Jeep Wranglers have a low tow rating (2000 lbs) unless you have an extended wheelbase version (Unlimited). The tow rating goes up to 3500 lbs. These are 2006 model specs. What is the GVWR of your trailer? What do you want to plow? How often?

The pictures of the Wrangler look nice. You would have to get rid of the Get Stuck-Again (GS-A) spare tire and put on snow tires for plowing though!!!

Fran


----------



## theplowmeister (Nov 14, 2006)

JeepTJ;669557 said:


> Jeep Wranglers have a low tow rating (2000 lbs) unless you have an extended wheelbase version (Unlimited). The tow rating goes up to 3500 lbs. These are 2006 model specs. What is the GVWR of your trailer? What do you want to plow? How often?
> 
> The pictures of the Wrangler look nice. You would have to get rid of the Get Stuck-Again (GS-A) spare tire and put on snow tires for plowing though!!!
> 
> Fran


that and the D30 rear axle wont last long towing a hevey trailer.


----------



## JeepTJ (Nov 4, 2006)

theplowmeister;669585 said:


> that and the D30 rear axle wont last long towing a hevey trailer.

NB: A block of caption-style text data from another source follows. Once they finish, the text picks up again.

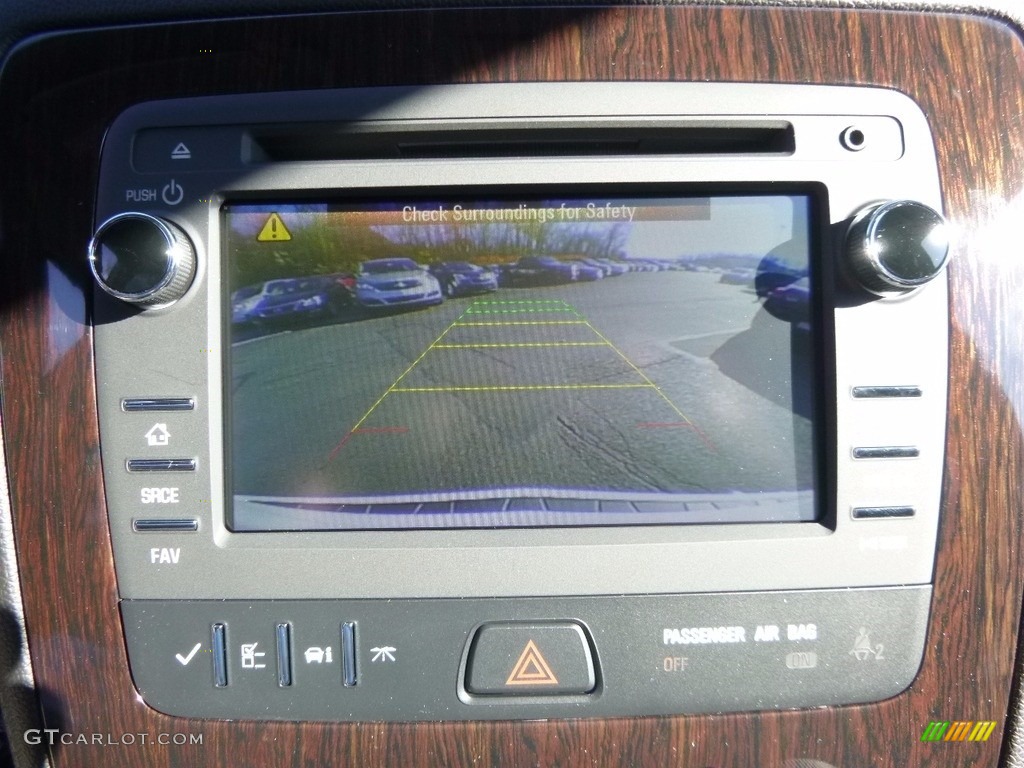 2017 Traverse LT AWD - Summit White / Ebony photo #18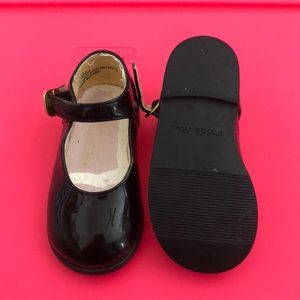 Black dress shoe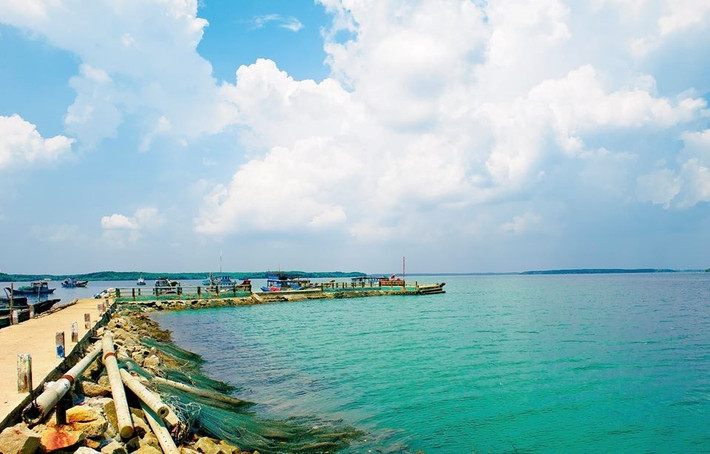 Đảo Thạnh An cách thị trấn Cần Thạnh khoảng 30 phút đi tàu. Đảo chưa phát triển dịch vụ du lịch, không có điểm tham quan nổi bật. Đảo hút khách với vẻ đẹp hoang sơ, thanh bình cùng sự hiền hòa, nhiệt tình của người dân. Ảnh: Nhi Huỳnh.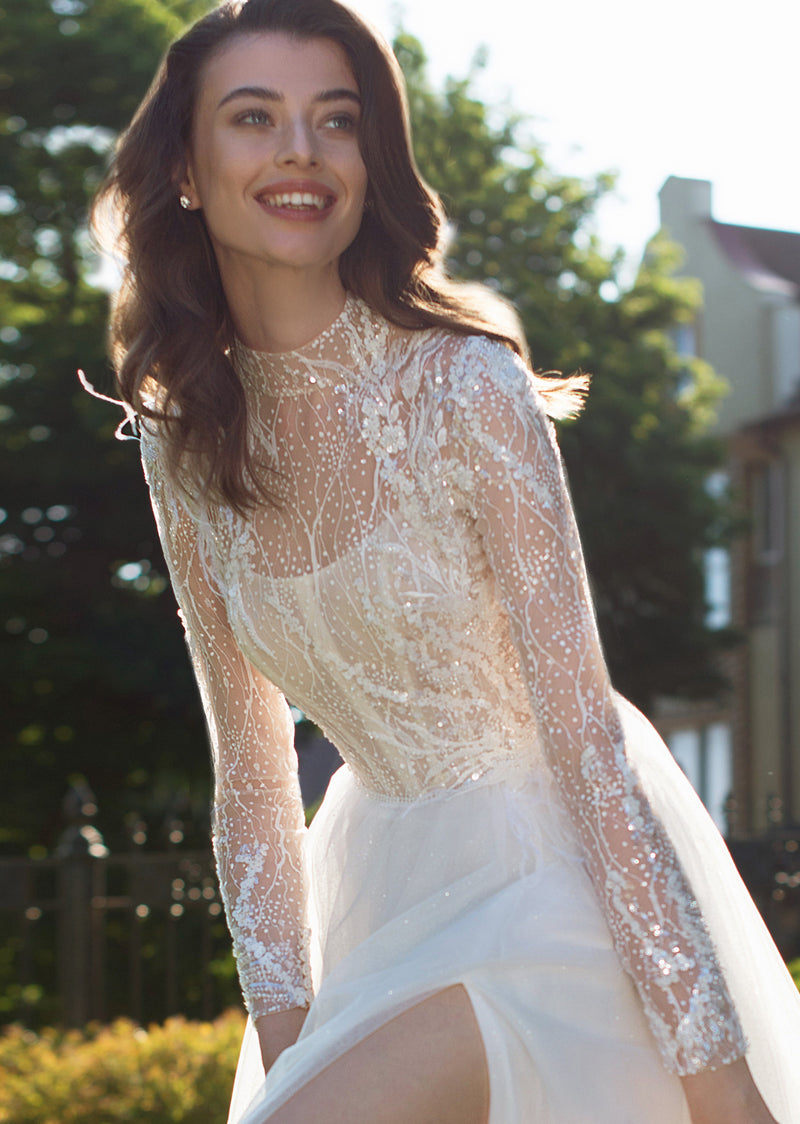 Vestido de novia de corte A con purpurina y mangas largas transparentes con cuello alto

True, True!!! At least the Unlimited's came with a D44 in the rear.


----------



## '76cj5 (Dec 12, 2003)

JeepTJ;669557 said:



> You would have to get rid of the Get Stuck-Again (GS-A) spare tire and put on snow tires for plowing though!!!
> Fran


Only those people that own that tire know what you mean.  My '08 came with those tires and I can get stuck on wet asphalt.


----------



## JeepTJ (Nov 4, 2006)

[QUOTE='76cj5;669938]Only those people that own that tire know what you mean.  My '08 came with those tires and I can get stuck on wet asphalt. [/QUOTE]

I thought it was on DRY asphalt!!! My current summer tires are RS/As (really stuck again). They will need to be replaced this summer for something better.

Fran


----------